Untuk memastikan penyebab kematian, BKSDA Aceh mengambil sampel organ seperti hati, limpa, paru-paru, usus, lambung, lidah, dan feses untuk dikirim ke laboratorium forensik.

“Kami juga telah berkoordinasi dengan Polres Bener Meriah untuk penanganan lebih lanjut. Termasuk, memastikan apakah kematiannya disengaja atau tidak,” sambungnya.

Baca: Atasi Konflik Masyarakat dengan Gajah, Pagar Listrik Dibangun di Kabupaten Pidie

 

Gajah sumatera yang ada di CRU Serbajadi, Aceh Timur, Aceh. Foto: Junaidi Hanafiah/Mongabay Indonesia

 

Tidak membunuh satwa liar 

BSKDA Aceh terus menyampaikan imbauan kepada masyarakat agar tidak membunuh satwa liar dilindungi, termasuk gajah sumatera karena populasinya yang berkurang dan terancam punah. BKSDA juga mengajak masyarakat untuk tidak merusak hutan yang merupakan habitat gajah.

Agus mengakui, kematian gajah sumatera betina di Blang Rakal, Kecamatan Pinto Rime Gayo, Kabupaten Bener Meriah merupakan yang pertama di tahun 2021.

“Kabupaten Bener Meriah, Aceh Timur, serta Pidie sangat sering terjadi konflik gajah dengan masyarakat.”

Agus berharap, tim terpadu penangan konflik satwa liar dan masyarakat yang telah dibentuk Gubernur Aceh dapat bekerja sama, sehingga konflik dapat diatasi. Dengan begitu tidak ada pihak yang dirugikan, baik masyarakat maupun satwa liar.

“Kita juga mengajak masyarakat dan pihak swasta untuk bersama menangani konflik satwa liar,” ungkapnya.

Baca juga: Awal Tahun 2020, Lima Gajah Sumatera Ditemukan Mati

 

Persahabat manusia dengan gajah sumatera sudah berjalan sejak lama. Kenapa sekarang gajah dianggap musuh? Bukankah manusia yang merusak habitat gajah? Foto: Junaidi Hanafiah/Mongabay Indonesia

 

Syahril, pegiat lingkungan dan perlindungan satwa liar di Kabupaten Bener Meriah mengatakan, konflik gajah sumatera dengan masyarakat masih terjadi setiap tahun.

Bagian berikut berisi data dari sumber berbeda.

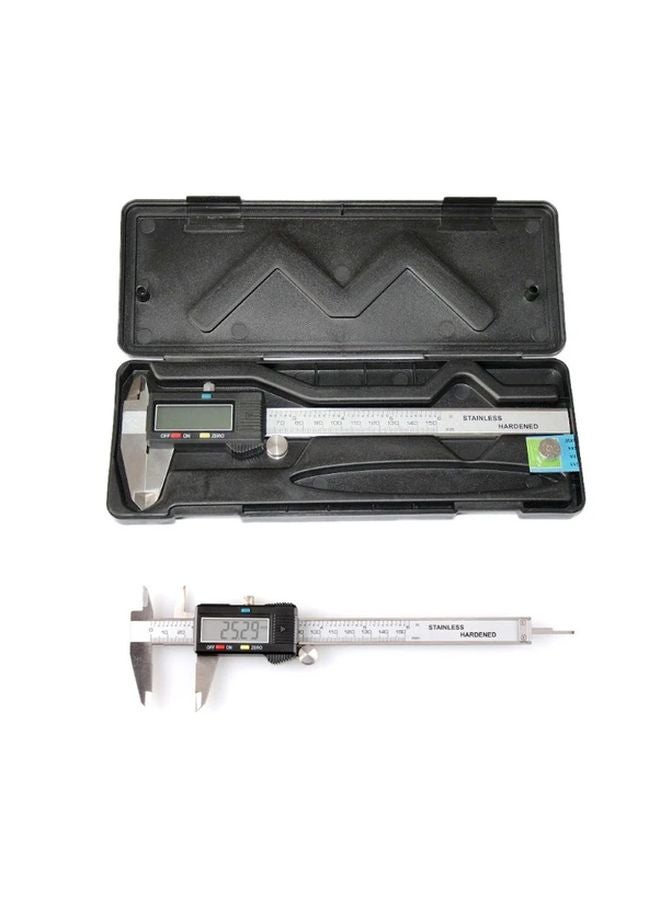 Black Storage Case For 6 Inch Digital Vernier Caliper Durable PP Material Portable Design - Image 4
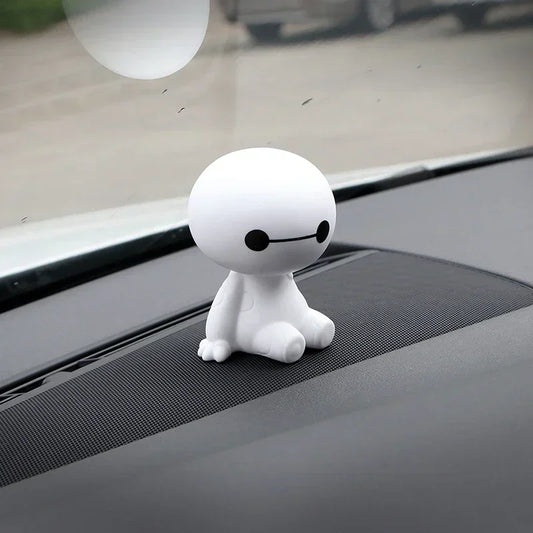 Baymax Shaking Head Ornament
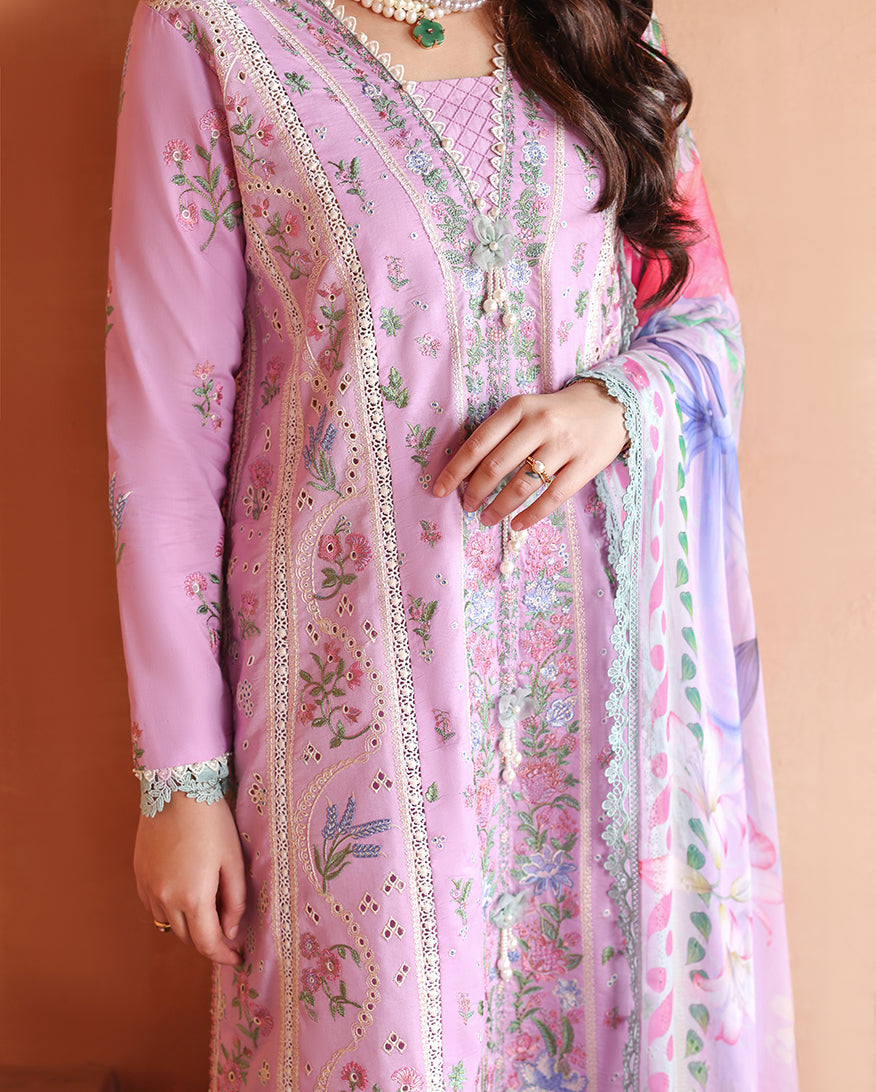 Ardor Organza Women Clothing - Roheenaz - 5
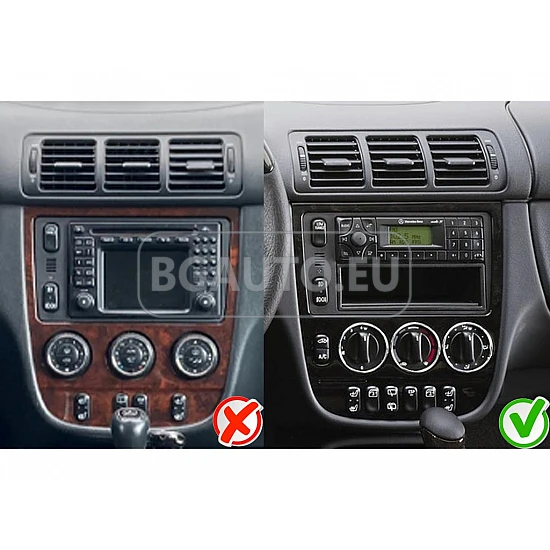 MERCEDES ML W163 - 9 МУЛТИМЕДИЯ / Навигация android 16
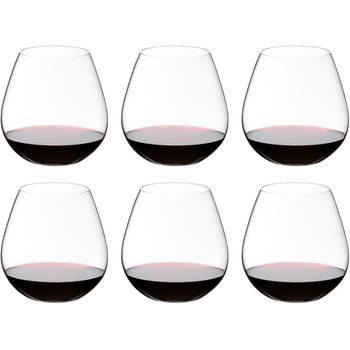 Riedel Rode Wijnglazen O Wine - Pinot Noir / Nebbiolo - 6 stuks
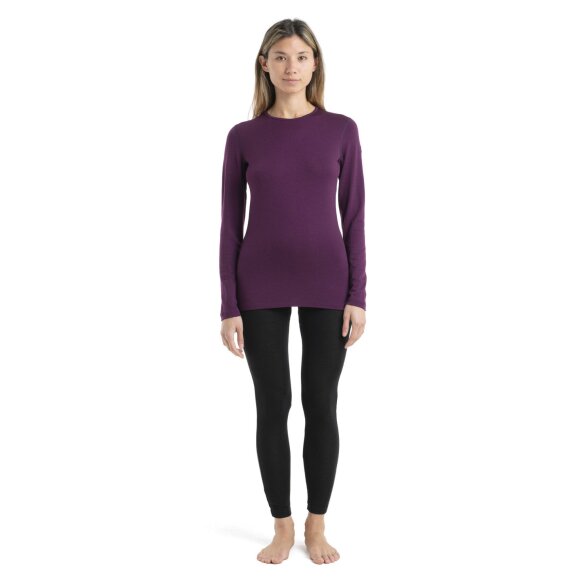 ICEBREAKER  - ICEBREAKER DAME BASELAYER TOP W 260 TECH LS CREW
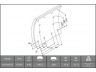 FERODO K19116.0-F3653 stabdžių antdėklo rinkinys, būgninis stabdys 
 Techninės priežiūros dalys -> Papildomas remontas
2992123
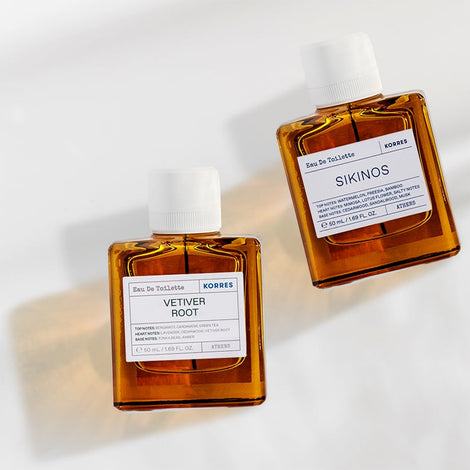 SIKINOS Eau De Toilette 50ml + PLUS the VETIVER ROOT Eau De Toilette 50ml
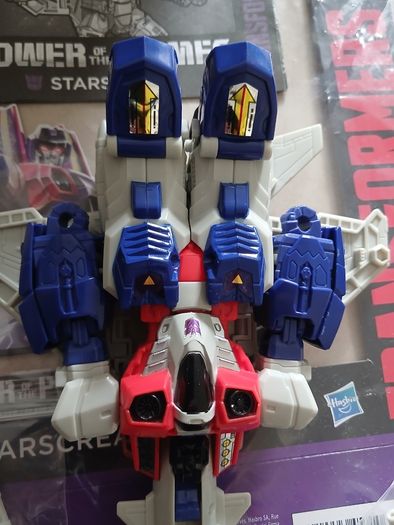 Transformer Starscream Combiner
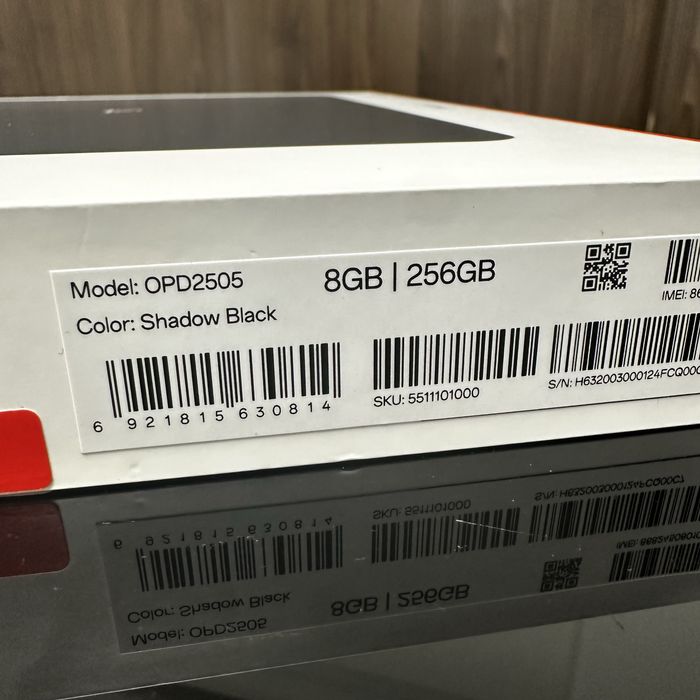 OnePlus Pad Go 2 12.1 8GB RAM 256GB 5G - Black Нов! 2г Гаранция!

“Penyebabnya, selain habitat gajah yang semakin berkurang, juga adanya pembukaan lahan perkebunan. Sementara itu, gajah liar yang berada di Kabupaten Aceh Utara dan Bireuen juga terdesak karena hal yang sama, sehingga kawanan ini bergerak ke Bener Meriah.”

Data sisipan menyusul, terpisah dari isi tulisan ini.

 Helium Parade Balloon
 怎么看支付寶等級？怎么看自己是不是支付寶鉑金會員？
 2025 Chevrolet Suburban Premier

Syahril meminta pemerintah untuk segera melakukan pemulihan habitat gajah baik di Aceh Utara, Bener Meriah, maupun Bireuen. Khususnya, memulihkan hutan produksi dan hutan lindung yang telah berubah menjadi perkebunan. “Ini sangat penting agar konflik tidak terjadi lagi,” ujarnya.

Baca juga: Ini Penyebab Matinya Gajah Sumatera di Areal Kebun Sawit Aceh Timur

 

Kerangka kepala gajah liar yang ditemukan tim BKSDA Aceh di Desa Tuwie Peuriya, Kecamatan Pasie Raya, Kabupaten Aceh Jaya, Aceh, awal Januari 2020 lalu. Foto: BKSDA Aceh

 

Data Balai Konservasi Sumber Daya Alam (BKSDA) Aceh menunjukkan, pada 2020, tercatat konflik gajah dengan manusia mencapai 102 kasus. Sementara, pada 2019 [109 kasus], 2018 [71 kasus], 2017 [103 kasus], dan 2016 [46 kasus].

Wilayah konflik berada di Kabupaten Bener Meriah, Pidie, Aceh Timur, Aceh Utara, Bireuen, Aceh Jaya, Aceh Barat, Aceh Selatan, juga Aceh Tenggara. Umumnya, pertikaian terjadi karena gajah masuk kebun sawit warga atau perusahaan pemegang HGU, serta lahan pertanian masyarakat.